Hmmm… I should ask that. That’s a good idea. I wouldn’t mind offloading some of the coding work.

I cannot really talk about it in great detail until after the papers are published.

All my programs are CUDA capable (all customized code), but I don’t evaluate them with massive parallelism because it weakens the results for publication.

The grant is for two years.

I am a computer scientist, with a strong focus on mathematics in my undergrad (2 courses shy of a double major). As above, all my code supports single threaded, multithreaded and massive parallel execution modes.

Nothing I’m doing has much to do with robotics, except in some tangential distant future kind of way.

A few people mentioned renting time so I won’t quote each of you specifically.

See, this is where it gets kind of silly. I already have all the supercomputer time I could possibly need. I have an account on Compute Canada and if I want, which isn’t very often because for publication massive parallelism isn’t that impressive unless massive parallelism is the point. I didn’t ask for this grant. I was asked by the dept head to make a presentation because my work is doing impressive stuff and so I did. Next thing I know I have this money, that I did not ask for and I really cannot use in any meaningful way. I suspect the dept head asked for it on my behalf (more on this in a second) as my supervisor says he didn’t.

Ok, so I’m certainly not going to turn it down. It looks too good on a CV. But I cannot simply not use it (apologies for the double negative). And if I spend it I kind of have to make use of the equipment, that I don’t really need. But its fine.
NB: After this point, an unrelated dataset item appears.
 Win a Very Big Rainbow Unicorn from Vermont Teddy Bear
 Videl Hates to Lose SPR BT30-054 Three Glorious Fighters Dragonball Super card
If I got the DGX say, or stacks of nVidia Titans, I would use it and get some results and make everybody happy. I would try to find some really hard problem to solve that requires massive parallelism and solve it. I get publication(s), the money is spent and used well, everybody is happy.

So, I’m not faculty right now. But a faculty position is opening up and I think the dept head would like me to fill it. And that’s fine by me, I want a faculty position and I like this university. So me getting this grant is good for all concerned because I’ll have some equipment for when I can get my own minions… grad students.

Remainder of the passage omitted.